New Zealand Olympic runner Nikki Hamblin and US competitor Abbey D'Agostino have both won awards for one of the most inspiring scenes of the Games – reaching out to help each other after they collided and fell during the 5,000m race.
"I'm so grateful for Abbey for her help," Hamblin told reporters after the race. "That girl is the Olympic spirit right there."
The International Fair Play Committee of the Olympics agreed and awarded both competitors a Fair Play Olympic trophy.
Both runners are also in line to also receive the rare and prestigious Pierre de Coubertin medal. The gong, which has only been awarded 17 times in Olympic history, is given to athletes who demonstrate the true Olympic spirit.
The emotional moments between the women occurred Tuesday (16 August) when 28-year-old Hamblin fell while running in the middle of the pack during the 5,000m race, unintentionally tripping D'Agostino, who was close behind her.

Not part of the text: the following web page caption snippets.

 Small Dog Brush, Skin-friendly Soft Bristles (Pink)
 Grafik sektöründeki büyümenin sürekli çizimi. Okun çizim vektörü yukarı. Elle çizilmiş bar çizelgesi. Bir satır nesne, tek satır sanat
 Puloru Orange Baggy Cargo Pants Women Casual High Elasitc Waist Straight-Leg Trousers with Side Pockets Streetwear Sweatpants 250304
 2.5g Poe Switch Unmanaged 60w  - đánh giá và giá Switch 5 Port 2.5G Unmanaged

Instead of leaping to her feet and surging ahead, D'Agostino, 24, first went to Hamblin's aid and made sure she was okay. Not realising that she herself had suffered an injury, D'Agostino's leg then buckled and she twice fell to the track.

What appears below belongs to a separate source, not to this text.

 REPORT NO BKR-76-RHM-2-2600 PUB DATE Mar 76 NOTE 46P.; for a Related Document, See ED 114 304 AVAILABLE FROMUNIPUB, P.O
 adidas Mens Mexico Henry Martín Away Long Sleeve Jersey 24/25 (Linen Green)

That's when Hamblin did her part and helped D'Agostino to make sure she could stay on her feet.
D'Agostino hobbled painfully to the end of the race another 4 laps with a torn ACL. Hamblin was waiting for her at the finish line to greet her with a hug before D'Agostino was wheeled out of the Rio stadium.
"Winning this award is overwhelming," said Hamblin at the awards' ceremony. "I am proud that what we did and truly believe that you can be both a competitor and kind and responsive at the same time.
"Everyone comes here to compete but there are a lot of people who don't achieve that and the journey is really important, too. That was one of those journeys and it has gone on to be one of the most important moments of my life.
"I am so grateful to Abbey for picking me up, and I think many people would have returned the favour ... Once you are on the track, there is a mutual understanding of what it takes to get there."